He often warmed himself against their furry bodies.

  But the second that whistle blew, their minds weren’t their own anymore. They belonged to Kaminski. The quivering man in the wheelchair, who kept convulsively gripping the whistle around his neck.

  Mark grabbed the cord and pulled it over Kaminski’s head. “Sorry, I can’t let you have this anymore.”

  Oddly, Janus didn’t put up a fuss. Was this even the same man who had kept him here as a prisoner? Ordered him to make his coffee and clean the dogs’ barn and occasionally hammer on a piece of metal for his sculptures? It hardly seemed possible.

  No wonder he hadn’t gotten any heads up about Kaminski leaving home. He probably never did anymore.

  One of the dogs trotted back toward them. Mark didn’t recognize this one. He was a silky Border collie with an alert twinkle in his eye.

  “New around here, huh?” he asked the dog. He saw from her tag that her name was Angelica.

  Angelica. That rang a distant bell.

  She sat on her haunches next to Kaminski’s wheelchair and rested her head on the man’s knee. He patted her gently with a shaky hand.

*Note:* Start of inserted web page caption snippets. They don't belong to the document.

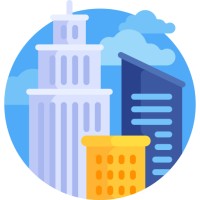 VERILA logo - Similar company to Veriland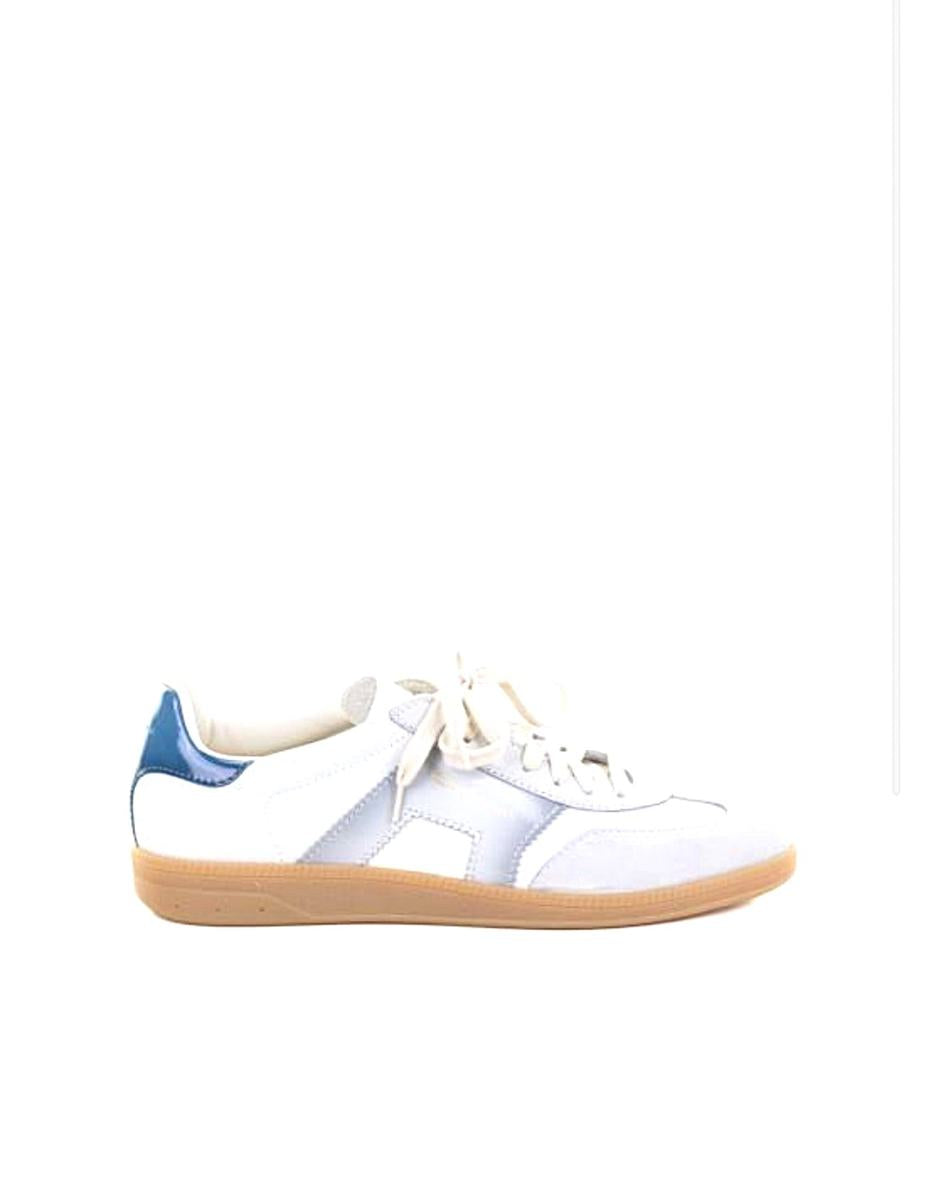 SANTONI Sneakers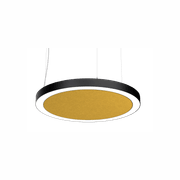 High Performance Acoustic Panel For Boya Light gallery detail image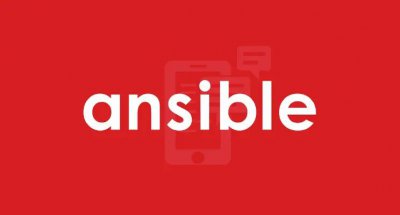 什么是Ansible自动化运维 有什么特点？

  “Stay here,” Mark told him roughly. “I’ll be right back. I need to make sure you aren’t keeping any prisoners around.”

  He strode out of the barn and found Gracie waiting for him just outside, clean and graceful as a nymph against the grimy junkyard setting. The sight of her brought new fury coursing through his veins. “I told you to wait in the car.”

  “I did. Then I got worried.”

  “You should get out of here. Drive back to the hotel. I have to bring that truck back.” He gestured at the Hummer that he’d paid another guest a thousand bucks to rent for the day.

  “No. I’m not leaving you here alone.”

  “So it’s okay for you to come here alone but not me?” He turned away from her and headed for the house. Every outbuilding he passed, he pushed open the door and peered inside, looking for any sign of a human being.

  But all he saw were empty spaces and filth and piles of scrap metal. It didn’t look like anyone except for Kaminski had been here in years.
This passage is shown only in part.